WORK ORDER »
Pictures are to be left out, and only the lines from the one containing "Cozy workspace scene." through the last line of the data are to be returned exactly.

AVAILABLE DATA »
———

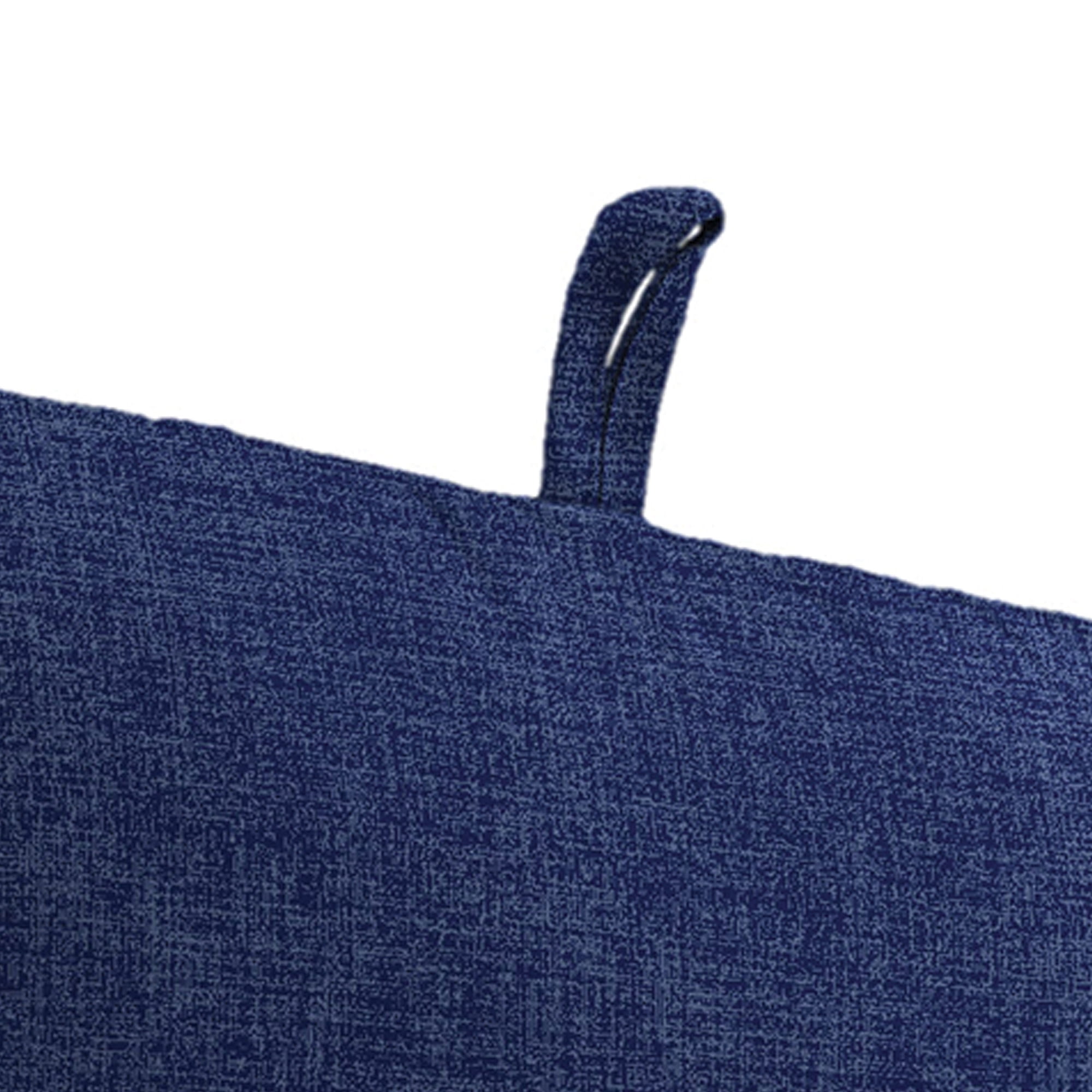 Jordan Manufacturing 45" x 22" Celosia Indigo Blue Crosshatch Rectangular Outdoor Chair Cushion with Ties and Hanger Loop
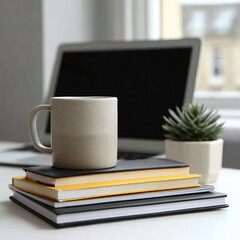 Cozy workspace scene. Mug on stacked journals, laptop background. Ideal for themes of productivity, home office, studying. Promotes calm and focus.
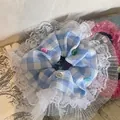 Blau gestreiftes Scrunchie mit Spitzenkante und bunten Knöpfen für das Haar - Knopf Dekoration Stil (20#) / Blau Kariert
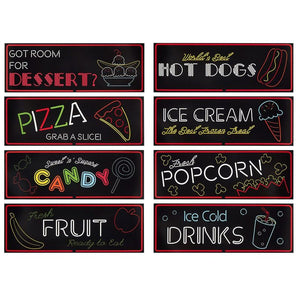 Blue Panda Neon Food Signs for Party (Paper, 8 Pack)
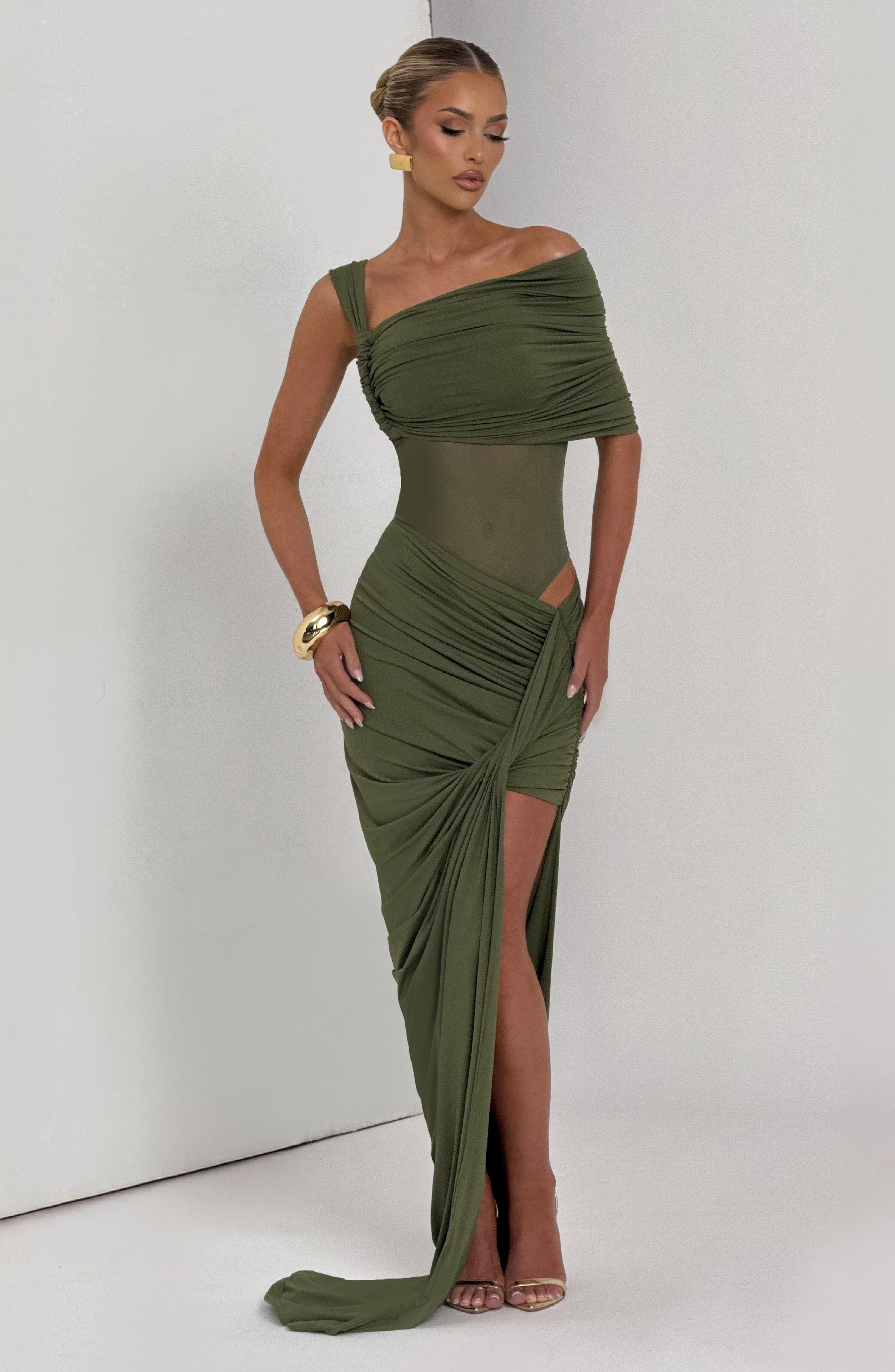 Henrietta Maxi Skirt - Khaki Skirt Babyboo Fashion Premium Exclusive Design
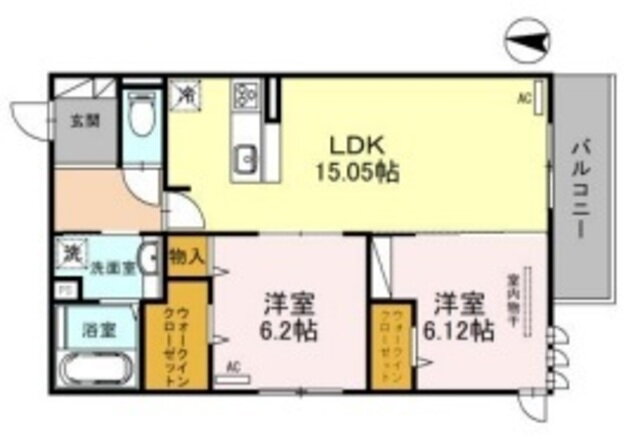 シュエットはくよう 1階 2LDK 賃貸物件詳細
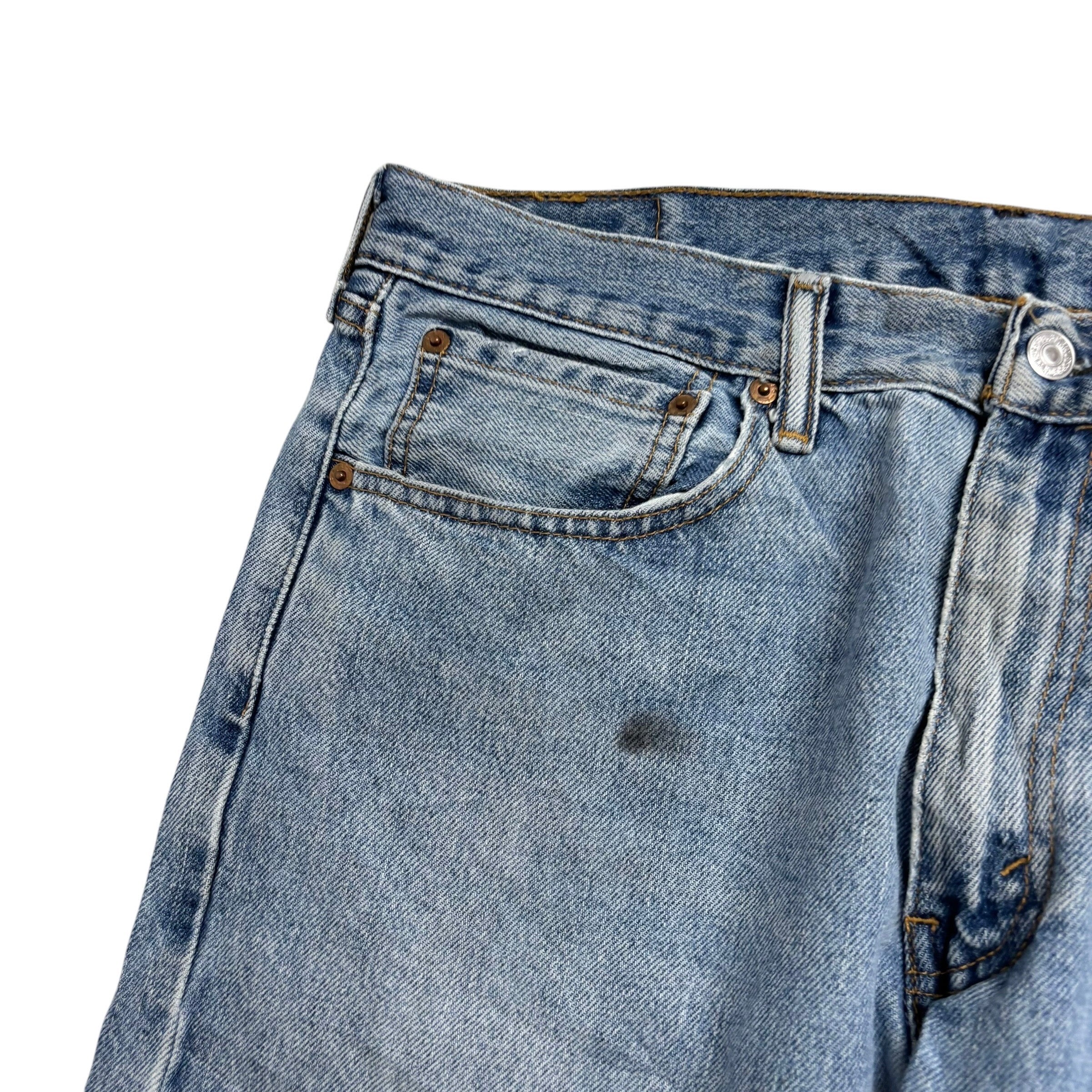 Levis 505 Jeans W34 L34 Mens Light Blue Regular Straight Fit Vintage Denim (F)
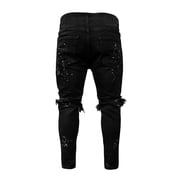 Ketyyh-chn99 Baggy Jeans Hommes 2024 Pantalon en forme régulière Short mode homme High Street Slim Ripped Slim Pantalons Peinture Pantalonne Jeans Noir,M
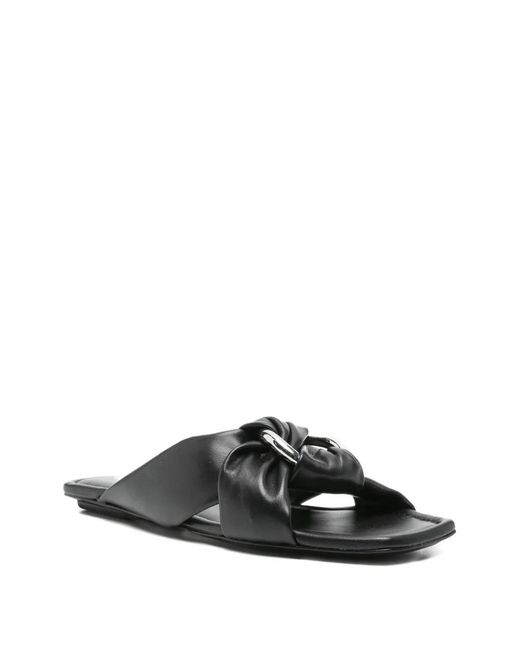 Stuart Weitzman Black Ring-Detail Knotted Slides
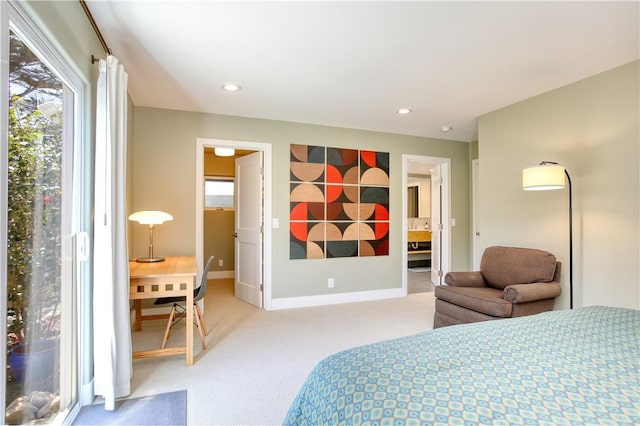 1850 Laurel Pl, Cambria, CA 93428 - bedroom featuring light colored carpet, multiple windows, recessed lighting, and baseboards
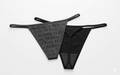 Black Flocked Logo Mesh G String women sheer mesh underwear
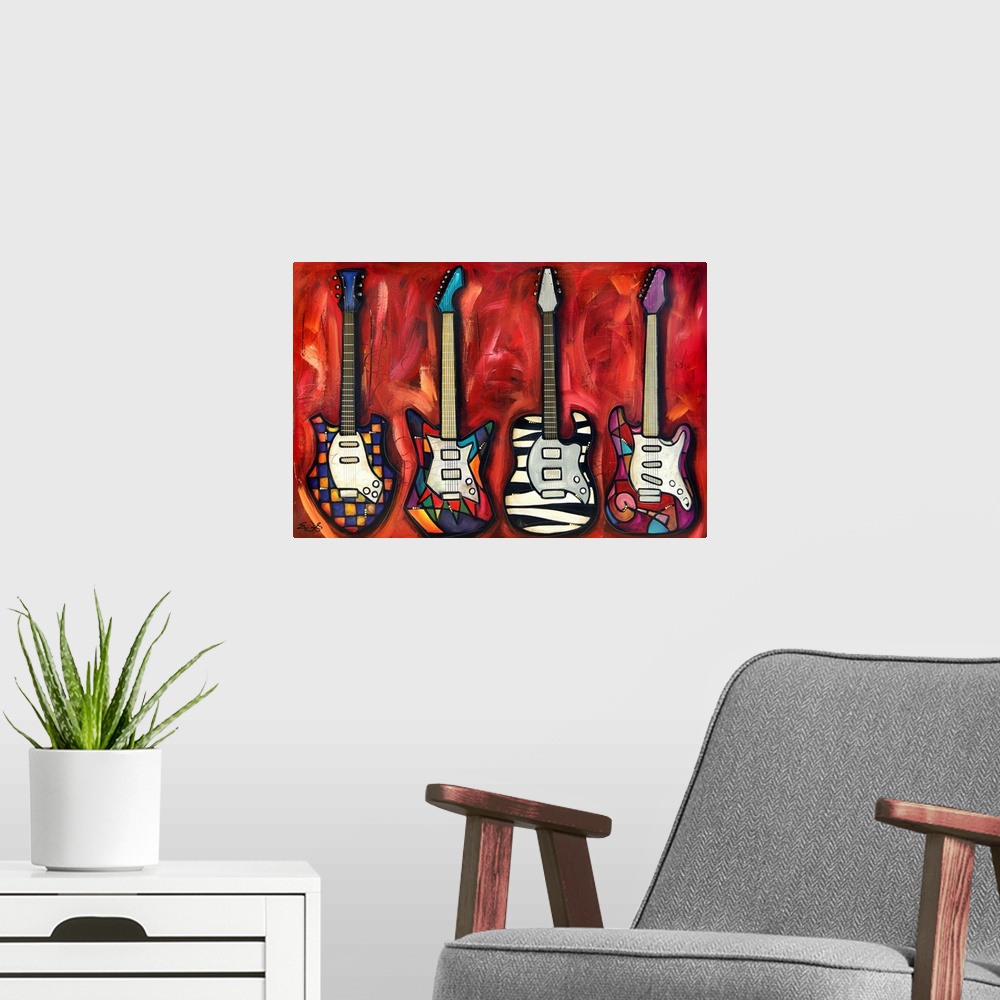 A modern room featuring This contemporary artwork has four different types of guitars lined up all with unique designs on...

———

RESULT OF THIS EXERCISE »
 Cozy workspace scene. Mug on stacked journals, laptop background. Ideal for themes of productivity, home office, studying. Promotes calm and focus.
 Blau gestreiftes Scrunchie mit Spitzenkante und bunten Knöpfen für das Haar - Knopf Dekoration Stil (20#) / Blau Kariert
 Blue Panda Neon Food Signs for Party (Paper, 8 Pack)
 Henrietta Maxi Skirt - Khaki Skirt Babyboo Fashion Premium Exclusive Design
 シュエットはくよう 1階 2LDK 賃貸物件詳細
 Levis 505 Jeans W34 L34 Mens Light Blue Regular Straight Fit Vintage Denim (F)
 Ketyyh-chn99 Baggy Jeans Hommes 2024 Pantalon en forme régulière Short mode homme High Street Slim Ripped Slim Pantalons Peinture Pantalonne Jeans Noir,M
 Stuart Weitzman Black Ring-Detail Knotted Slides
 1850 Laurel Pl, Cambria, CA 93428 - bedroom featuring light colored carpet, multiple windows, recessed lighting, and baseboards
 Black Flocked Logo Mesh G String women sheer mesh underwear
 A modern room featuring This contemporary artwork has four different types of guitars lined up all with unique designs on...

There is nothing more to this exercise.